▶ _Data records_:

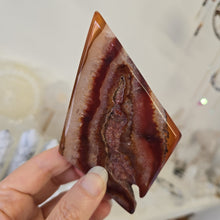 Load image into Gallery viewer, Carnelian Diamond with Stand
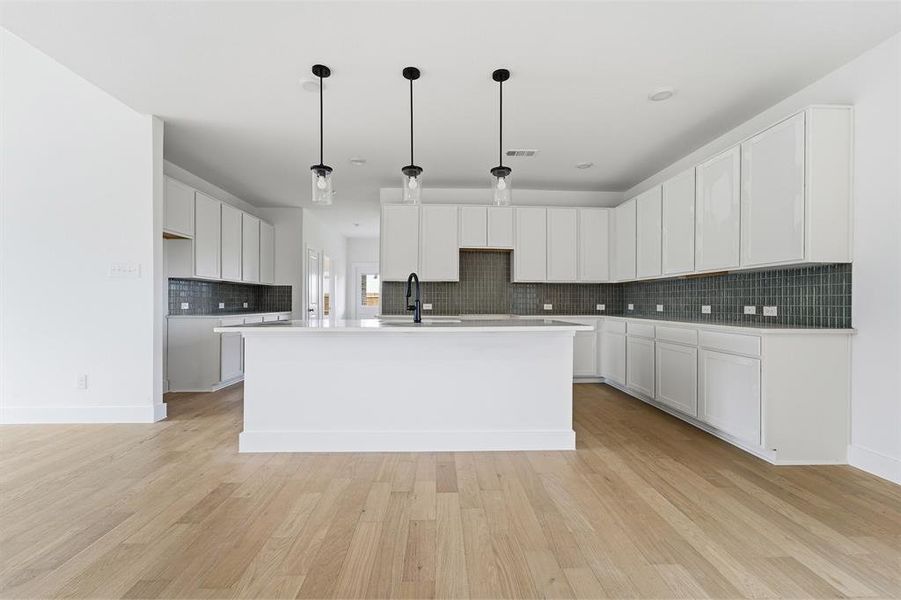 Furnished interior view inside a new home in Saddlebrook Estates, Waxahachie (Image 10).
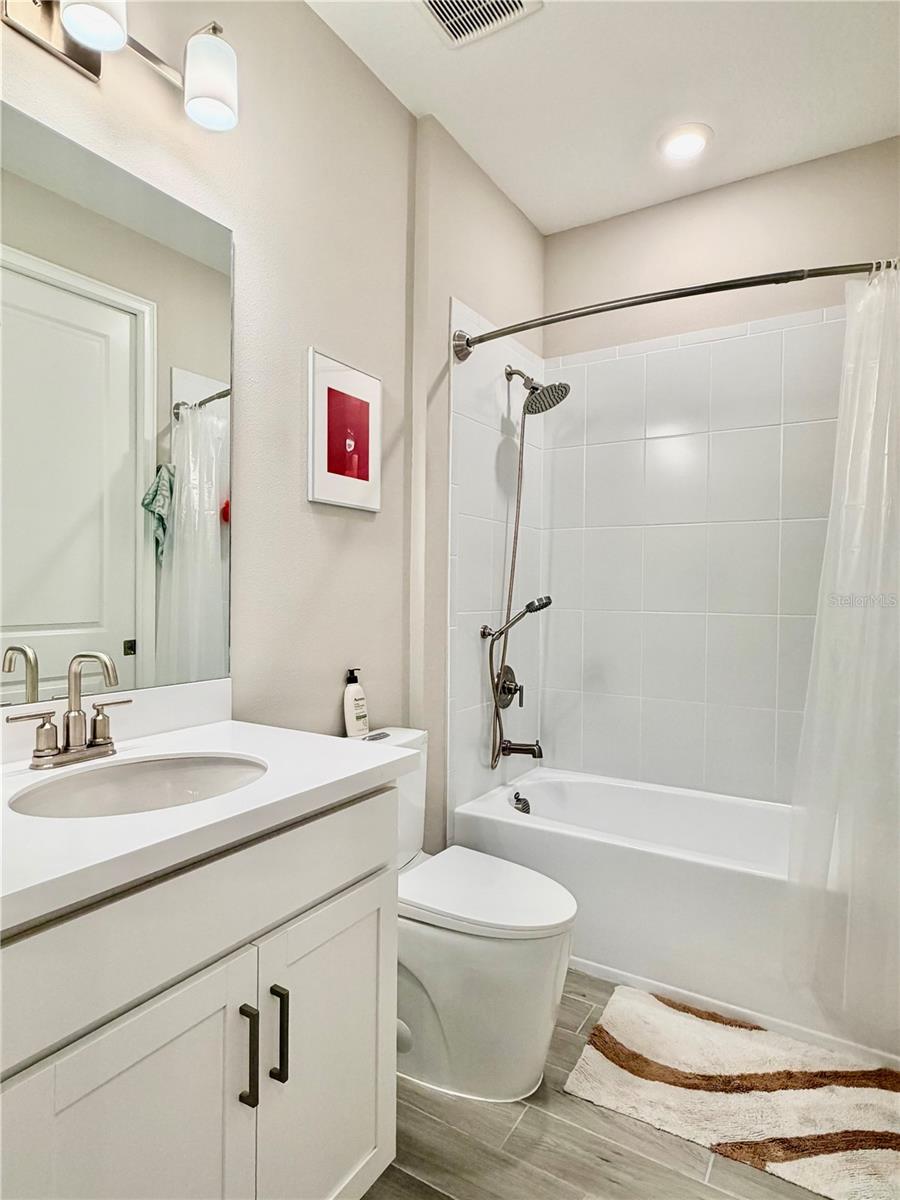6111 MESA GLEN, BRADENTON, FL, 34203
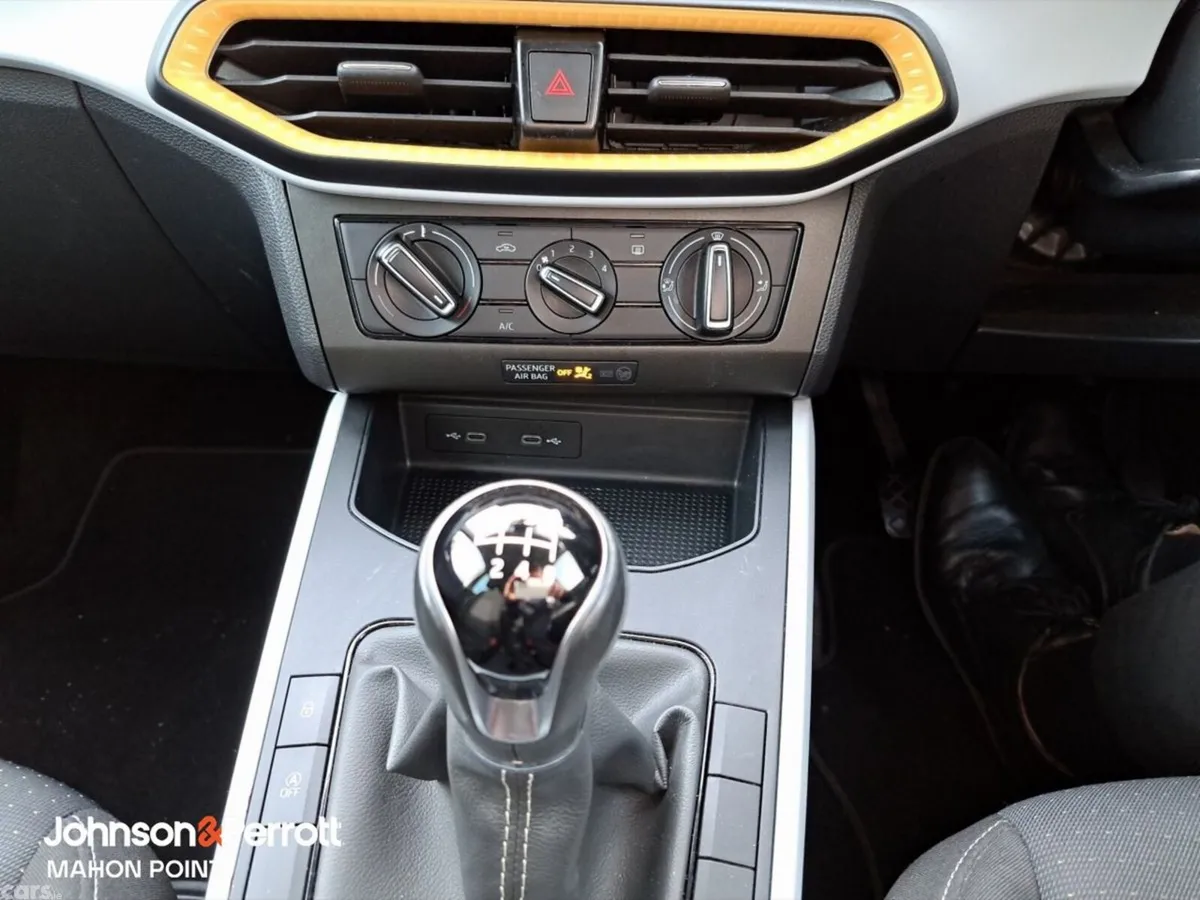 SEAT Arona SUV, Petrol, 2022, Grey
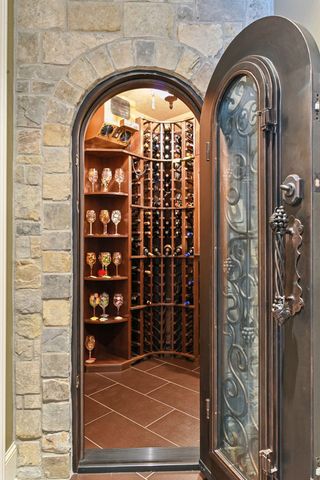 315 Calamus Circle, Medina, MN 55340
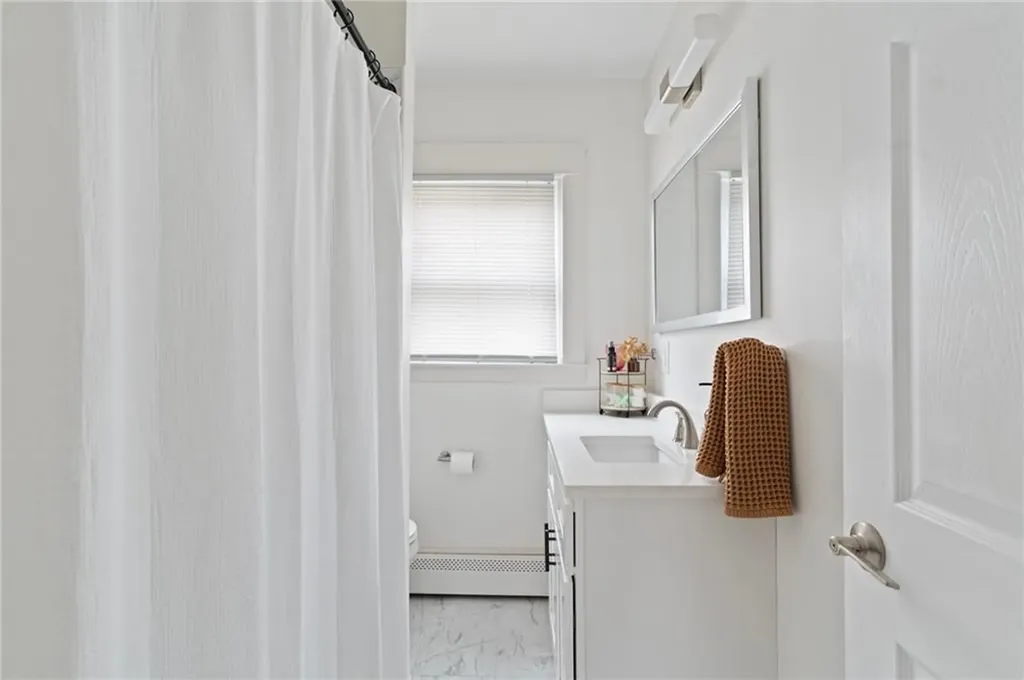 21 Waverly Street Providence RI 02907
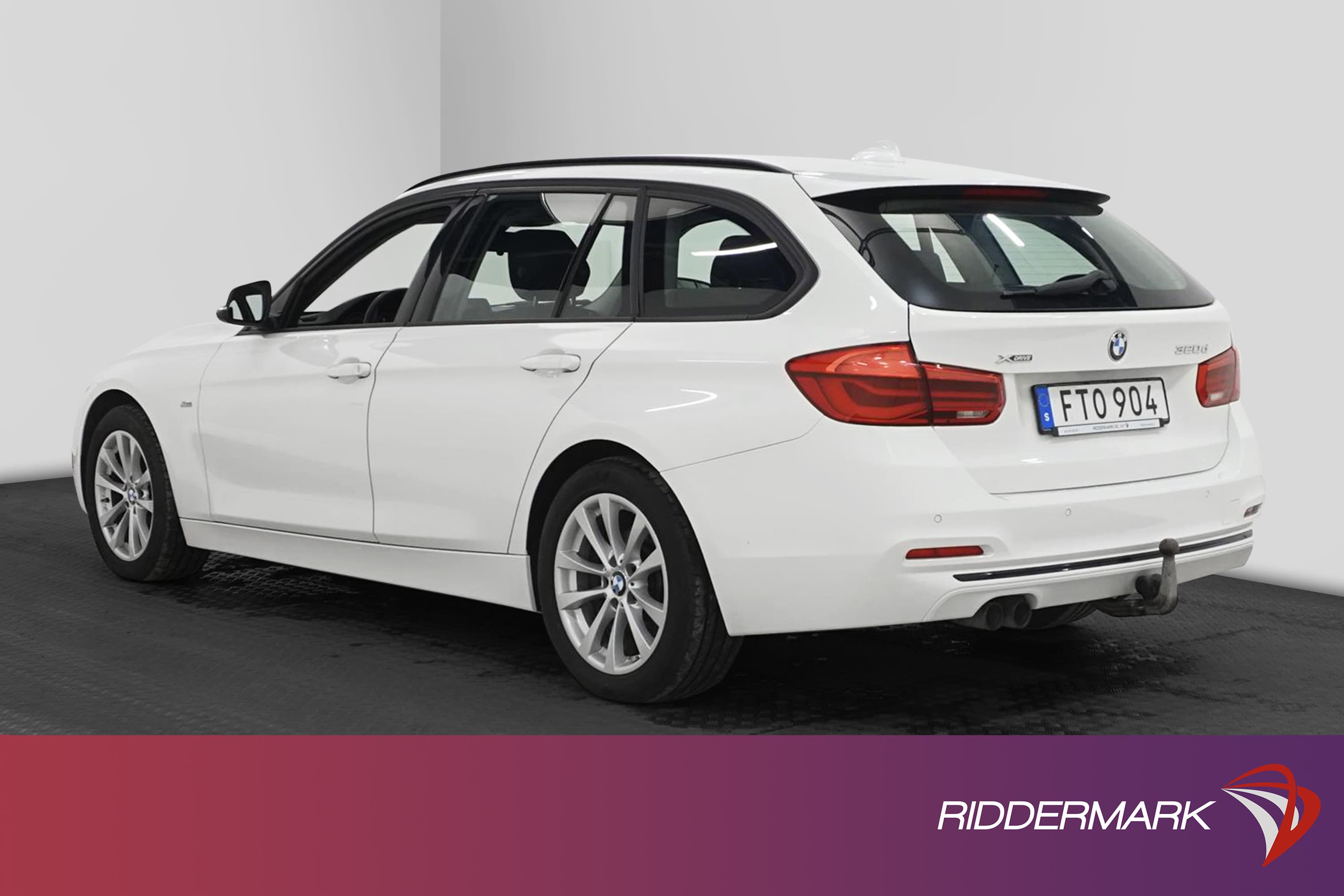 BMW 320d xDrive Touring 190hk Sport line 2 Brukare Dragkrok 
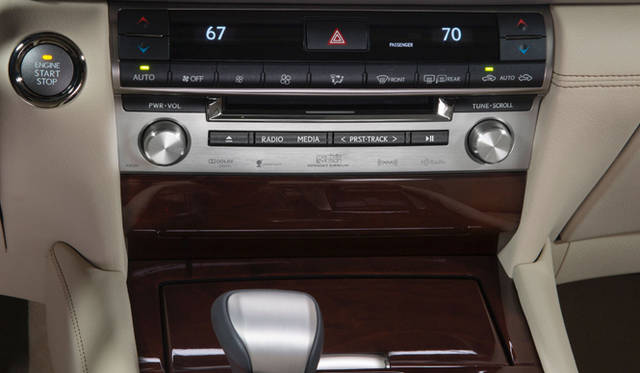 <strong>LEXUS LS460｜レクサス LS460</strong>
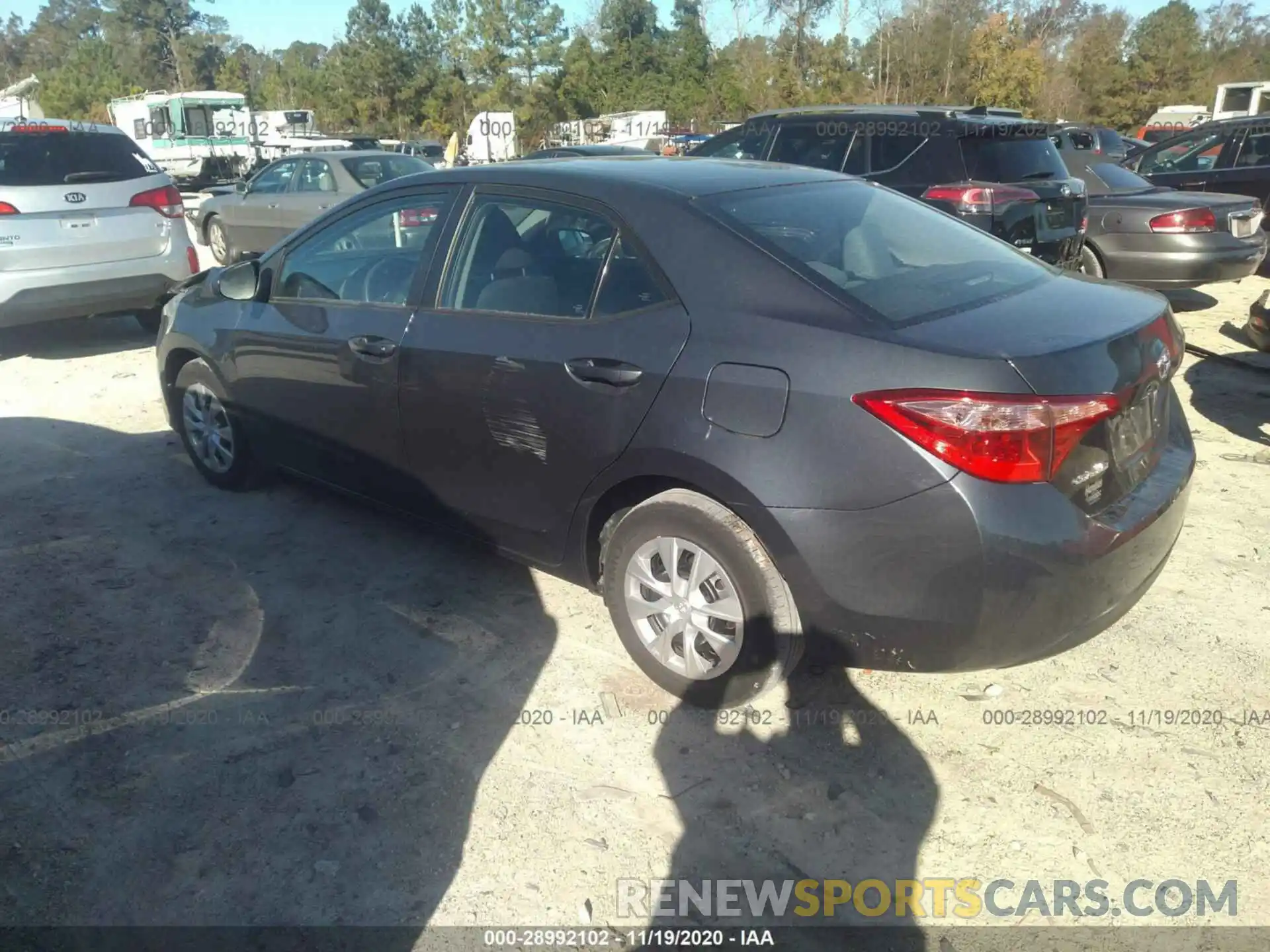 3 Photograph of a damaged car 2T1BURHE8KC158399 TOYOTA COROLLA 2019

▶ _REQUIRED ACTION_:
Although the records contain pictures, restate them word for word with those pictures left out.

▶ _TASK RESPONSE_:
 Load image into Gallery viewer, Carnelian Diamond with Stand
 Furnished interior view inside a new home in Saddlebrook Estates, Waxahachie (Image 10).
6111 MESA GLEN, BRADENTON, FL, 34203
 SEAT Arona SUV, Petrol, 2022, Grey
 315 Calamus Circle, Medina, MN 55340
 21 Waverly Street Providence RI 02907
 BMW 320d xDrive Touring 190hk Sport line 2 Brukare Dragkrok 
 <strong>LEXUS LS460｜レクサス LS460</strong>
 3 Photograph of a damaged car 2T1BURHE8KC158399 TOYOTA COROLLA 2019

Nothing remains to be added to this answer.